Gotham Makker, MD, has agreed to serve on our board of directors as of the closing of this offering. Dr. Makker has 20 years of healthcare industry experience. Since 2005, Dr. Makker has served as Chief Executive Officer of Simran Investment Group, LLC, an equity investment fund. Prior to Simran, Dr. Makker was a healthcare portfolio manager and principal at Citadel Investment Group LLC, a position he held from 2002 to 2005. Prior to joining Citadel, Dr. Makker served as an analyst at Oracle Partners LP covering biotechnology and medical device sectors from 2000 to 2001. He began his financial career in 1999, as a senior analyst on the life sciences investment banking team at Hambrecht & Quist. Current directorships include Rocket Pharmaceuticals, Inc., a position he has held since January 2018. Dr. Makker received an MD from the University of Nebraska Medical School and went on to complete the Sarnoff cardiovascular research fellowship at Columbia University, College of Physicians & Surgeons, and at Harvard Medical School, Brigham & Women’s Hospital. We believe that Dr. Makker’s qualifications to sit on our board include his extensive knowledge of the healthcare industry as a clinician as well as an investor.
Industry Opportunity
A Tale of Two Healthcares. We acknowledge the challenges that the U.S. healthcare system faces, namely the burden of an aging population, headwinds of cost-cutting, and disincentives for innovation. There is also the recurring narrative of prescription drug prices, which the media likes to use in order to invoke fear and outrage. This is the distorted view of healthcare borne out of campaign rhetoric and spread by the popular press. The reality is that prescription drugs represented a mere 10% of total health care spending in the U.S. in 2017, according to the Centers for Medicare & Medicaid Services, and, in addition, the net price of branded drugs increased by a rate of 1.9% in 2017, lower than inflation, according to the IQVIA Institute.

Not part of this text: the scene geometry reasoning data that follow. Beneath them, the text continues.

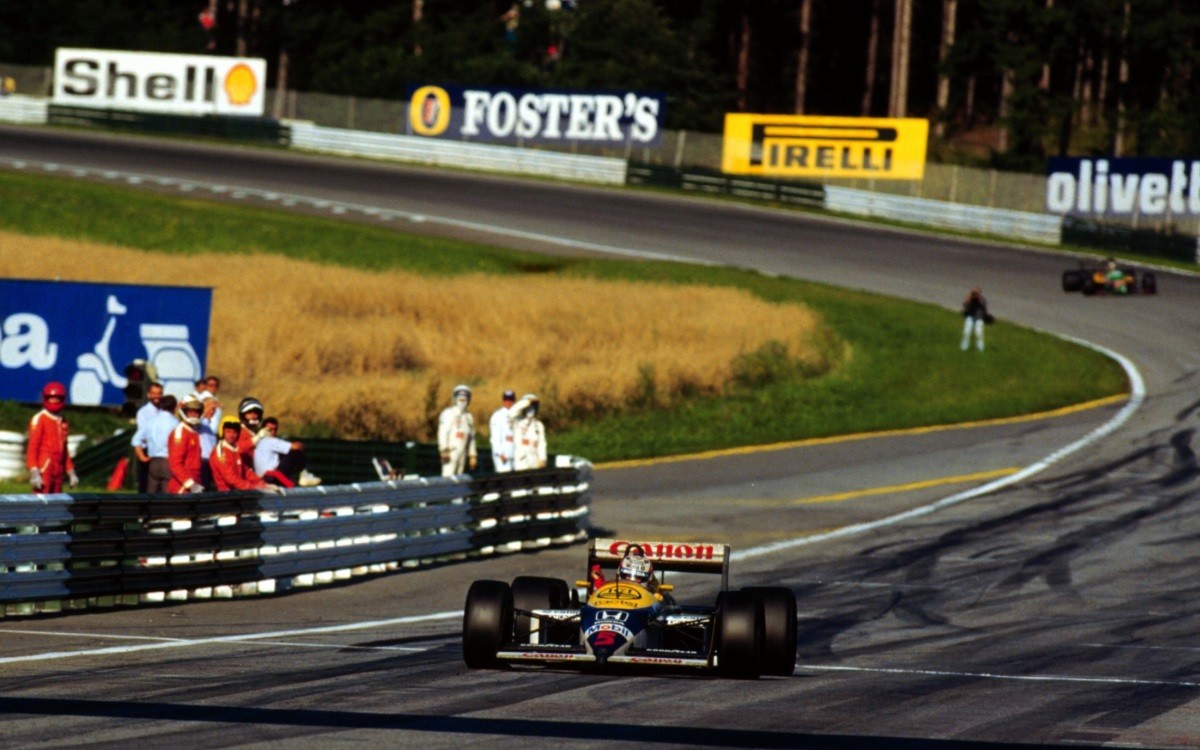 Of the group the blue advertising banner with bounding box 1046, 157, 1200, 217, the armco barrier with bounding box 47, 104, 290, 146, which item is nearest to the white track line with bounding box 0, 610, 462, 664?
the blue advertising banner with bounding box 1046, 157, 1200, 217

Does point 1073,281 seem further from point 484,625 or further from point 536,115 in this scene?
point 484,625

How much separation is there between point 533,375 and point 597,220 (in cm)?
1839

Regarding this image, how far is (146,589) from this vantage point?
576 inches

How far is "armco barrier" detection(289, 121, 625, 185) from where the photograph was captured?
59.1 meters

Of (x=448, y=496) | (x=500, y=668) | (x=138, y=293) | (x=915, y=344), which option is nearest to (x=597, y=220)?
(x=915, y=344)

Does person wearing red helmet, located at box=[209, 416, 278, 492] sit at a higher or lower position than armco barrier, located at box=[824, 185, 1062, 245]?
lower

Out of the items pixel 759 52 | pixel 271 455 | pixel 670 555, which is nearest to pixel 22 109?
pixel 759 52

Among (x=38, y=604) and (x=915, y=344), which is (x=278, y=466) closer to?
(x=38, y=604)

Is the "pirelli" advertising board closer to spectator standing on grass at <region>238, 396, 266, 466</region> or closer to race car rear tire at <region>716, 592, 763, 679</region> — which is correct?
spectator standing on grass at <region>238, 396, 266, 466</region>

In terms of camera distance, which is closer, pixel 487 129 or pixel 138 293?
pixel 138 293

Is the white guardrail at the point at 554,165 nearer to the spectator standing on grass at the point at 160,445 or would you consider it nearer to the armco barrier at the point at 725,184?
the armco barrier at the point at 725,184

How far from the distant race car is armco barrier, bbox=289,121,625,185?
1884cm

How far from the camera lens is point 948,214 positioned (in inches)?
2130

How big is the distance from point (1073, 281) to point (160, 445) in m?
30.1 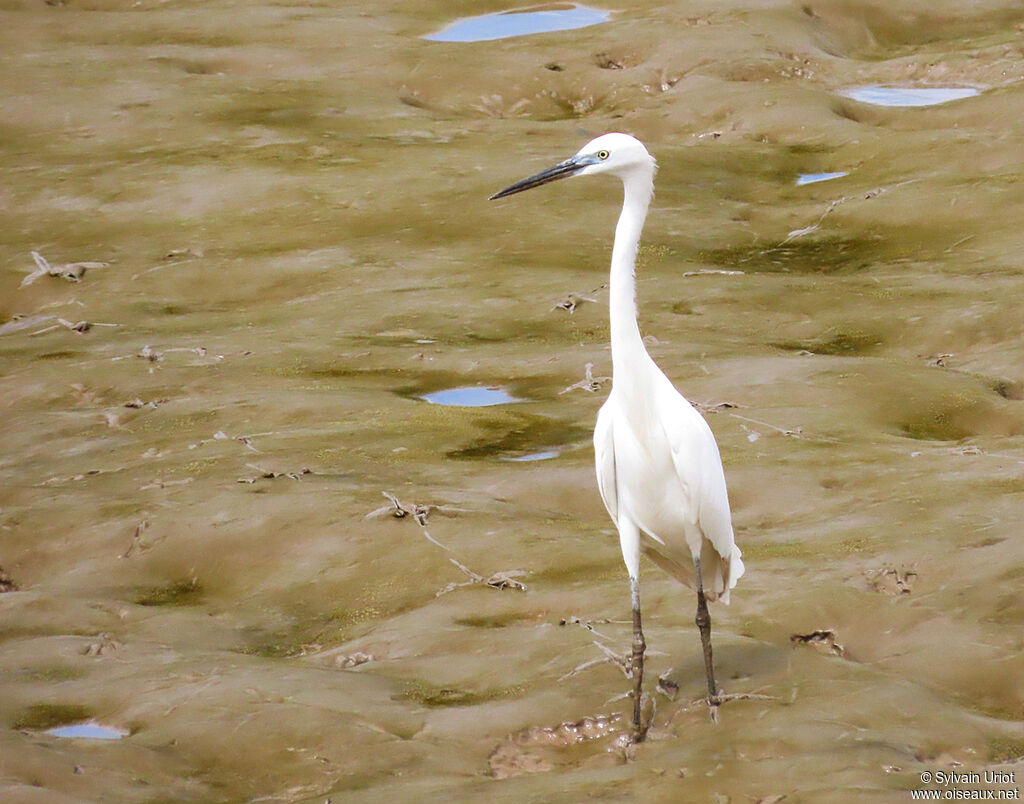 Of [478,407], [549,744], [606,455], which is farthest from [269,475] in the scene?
[549,744]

There is another side of healthcare that is quietly entering a renaissance period: it is the innovative side where technological and scientific advancements are showing potential to create tremendous value with disruptive therapeutic alternatives to existing standards of care as well as creating important efficiencies using technology. Globally, biotech markets are growing rapidly. According to Global Information, Inc. and Research and Markets, the global biotech market is expected to grow with a compound annual growth rate, or CAGR, between 8.1% and 10.5% from 2017 to 2025. We are seeing validated technologies, such as those derived from DNA and RNA science, that can effectively deliver solutions across diseases, creating companies with highly efficient development engines. We believe there is an opportunity to offer outstanding risk-adjusted returns to stockholders by building companies that possess unique and heretofore unrecognized growth opportunities that will benefit by capitalization, proactive skilled management, and supportive and sustainable governance practices.
Genetic therapies are on the rise.Cheap genetic information is revolutionizing the discovery process, which is producing validated drug targets at an unprecedented rate. The first human genome sequence was completed in 2001 with an overall cost to the U.S. government in excess of $3.0 billion. According to the National Human Genome Research Institute, the cost to sequence a human genome has fallen to approximately $1,200 in 2017. This reduction in cost has fueled tremendous productivity. According to data from the United States Patent and Trademark Office, the number of patents has inflected upward since 2010, which is translating into more new drugs in company pipelines. Technological applications are also creating platforms of addressable diseases, increasing bandwidth and enabling companies to target more diseases with superior scientific accuracy than in previous generations of drug development.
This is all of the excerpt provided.